En cumulant RH, procédures et finance, je pense avoir un moyen de participer à la construction d’une culture d’entreprise saine, sans négliger pour autant la rentabilité à long terme. Il faut trouver le bon équilibre entre les avantages pour les salariés et leur maîtrise financière. Nous sommes conscients que le retour en arrière, une fois quelque chose d’accordé, est très difficile, sinon impossible. Il faut également que l’on garde un certain sens de la justice et de l’équité dans ce que l’on donne…

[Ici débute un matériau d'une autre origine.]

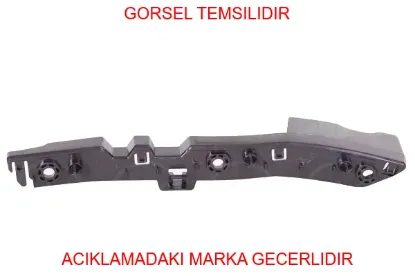 Sol tampon bağlantı ayak rıfter peugeot  9821847480 resmi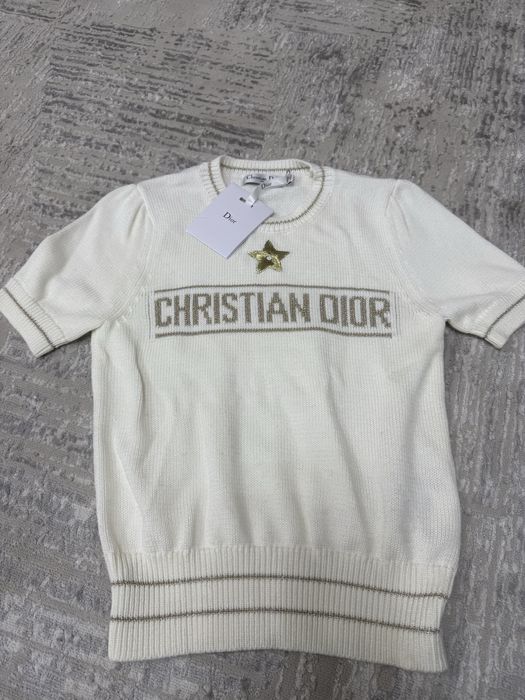 Свитер Christian Dior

Nous avons travaillé pour définir une approche RH et une grille de salaires qui permettent à tout le monde d’être traité le plus égalitairement possible. Le lien entre les RH et la finance permet de maîtriser les coûts, tout en ayant un personnel satisfait et de conserver les bons éléments. Je pense qu’en 11 ans ici, nous n’avons jamais perdu un bon élément pour une mauvaise raison, en dehors du turnover classique pour une entreprise. Alors que nous sommes aujourd’hui 240 !

Quels sont les rapports avec votre actionnaire ? L’EPT est-elle une maison mère exige­ante ?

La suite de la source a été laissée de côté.